Last year, I asked the question, What If Trayvon Martin was Asian? The post, included below, is timely now in light of all of the warnings against rioting in reaction to the verdict in the George Zimmerman case that all seem to target African Americans. The sentiment seems to be that when African Americans don’t get their way, violence is likely to follow.

But the reality is that the most damaging race riots in U.S. history have been led by whites against people of color. In 1923, in Levy County, Florida, a white woman accused a black man of sexually assaulting her. Over two-hundred whites descended upon the city of Rosewood, the town in which the alleged assailant resided, and incited a riot that resulted in the deaths of at least six blacks and two whites. The riot also completely destroyed Rosewood which was later abandoned.

In Bellingham, Washington in 1907, hundreds of whites marched against Sikh immigrant workers, demanding they be fired immediately. When their demands weren’t met, a mob of 150 whites rioted, assaulting Sikh workers and corralling them into the basement of Bellingham City Hall. Police officers cooperated with the rioters, using the same rationale that would be used 40 years later to imprison Japanese Americans in concentration camps: that holding the Sikhs in captivity would reduce violence. No rioters were brought to trial, and their actions were widely supported by white people in Bellingham, some of whom claimed Sikh men had insulted white women.

In 1951,  4,000 whites rioted to srop a black family from moving into the all-white Cicero neighborhood of Chicago. Police did next to nothing to stop the rioters who also stoned the firemen who called in to put out the fires started by the rioters. It took the Illinois National Guard to finally put an end to the violence.

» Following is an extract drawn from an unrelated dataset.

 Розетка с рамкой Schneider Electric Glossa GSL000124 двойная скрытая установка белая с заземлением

And these are just a few incidents in which angry whites have rioted, taking the lives of both white people and people of color in an effort to preserve white privileges. And, as long as the list of historic events of this sort is, it doesn’t even begin to address the history of organized terrorism against people of color waged through white-led organizations like the Ku Klux Klan. Yet, in spite of all of this evidence of potential violence by whites, there has been no speculation concerning riots in response to a guilty verdict in the Zimmerman trial, and all concerns of a post-not guilty verdict center on Blacks. Makes you go hmmm, doesn’t it?

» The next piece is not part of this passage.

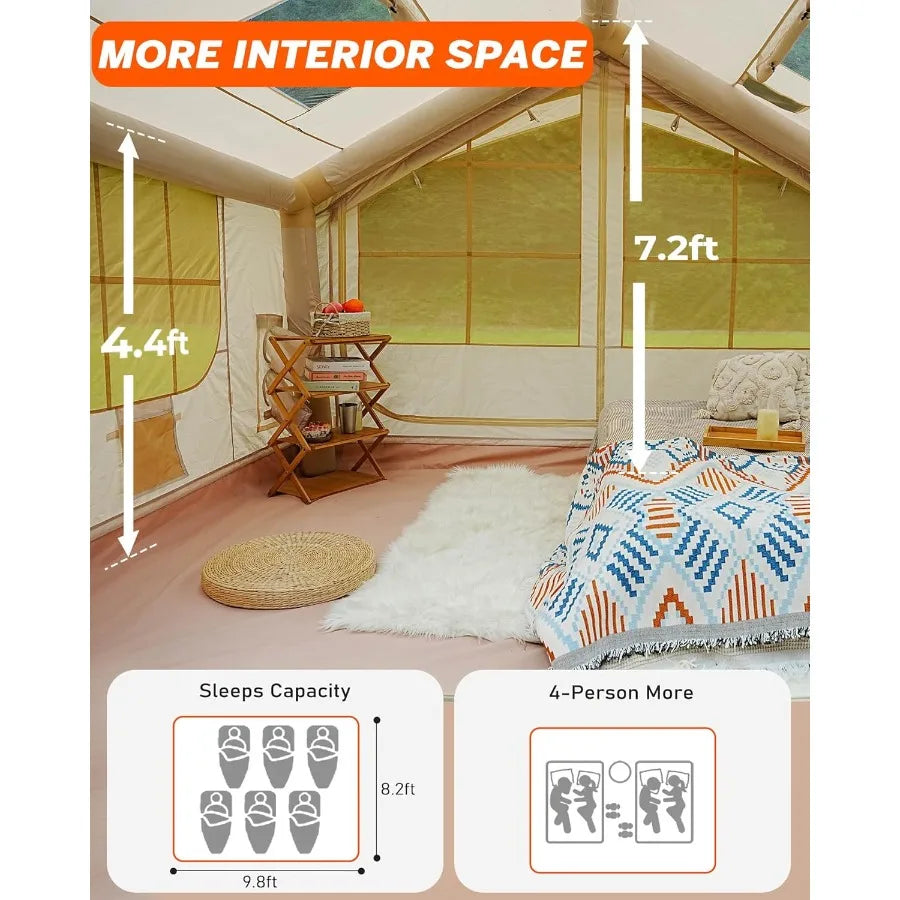Inflatable Tent for Camping with Pump 46 Person ExtraSpace Blow up Tent 420D Waterproof Ox Glamping Air for Family 4 Season Inf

But what if Trayvon Martin was Asian? Here’s what I had to say about that last year:

In a Daily Kos article, Laurence Lewis asks the provocative question, “What if Trayvon Martin had been white and George Zimmerman were Black?” I’m guessing you get the point. Clearly, if the races were reversed, things would be very, very different.

But this got me to thinking, what if Trayvon Martin had been Asian, say Japanese American for example? Would he have been profiled as a potential menace? Would he have provoked George Zimmerman to say, as revealed on the 911 recording, “These a**holes always get away”?

I’m guessing, no. Moreover, a Japanese American Trayvon would be exempt from the kind of character assassination being attempted by right wingers. No one would be combing his school records for evidence that he was a troublemaker. And if it turned out he was once caught with a little pot, it’s not likely he’d be labeled a drug dealer.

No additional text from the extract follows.